Hi Ashutosh,

Thanks for the review.

2015/04/22 19:28、Ashutosh Bapat <ashutosh.ba...@enterprisedb.com> のメール:
> Tests
> -------
> 1.The postgres_fdw test is re/setting enable_mergejoin at various places. The 
> goal of these tests seems to be to test the sanity of foreign plans 
> generated. So, it might be better to reset enable_mergejoin (and may be all 
> of enable_hashjoin, enable_nestloop_join etc.) to false at the beginning of 
> the testcase and set them again at the end. That way, we will also make sure 
> that foreign plans are chosen irrespective of future planner changes.

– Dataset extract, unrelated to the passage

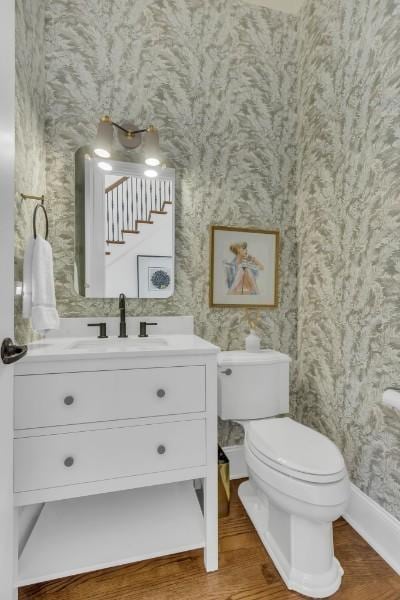 bathroom with hardwood / wood-style flooring, vanity, and toilet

I have different, rather opposite opinion about it.  I disabled other join 
types as least as the tests pass, because I worry oversights come from planner 
changes.  I hope to eliminate enable_foo from the test script, by improving 
costing model smarter.

> 2. In the patch, I see that the inheritance testcases have been deleted from 
> postgres_fdw.sql, is that intentional? I do not see those being replaced 
> anywhere else.

It’s accidental removal, I restored the tests about inheritance feature.

> 3. We need one test for each join type (or at least for INNER and LEFT OUTER) 
> where there are unsafe to push conditions in ON clause along-with 
> safe-to-push conditions. For INNER join, the join should get pushed down with 
> the safe conditions and for OUTER join it shouldn't be. Same goes for WHERE 
> clause, in which case the join will be pushed down but the unsafe-to-push 
> conditions will be applied locally.

Currently INNER JOINs with unsafe join conditions are not pushed down, so such 
test is not in the suit.  As you say, in theory, INNER JOINs can be pushed down 
even they have push-down-unsafe join conditions, because such conditions can be 
evaluated no local side against rows retrieved without those conditions.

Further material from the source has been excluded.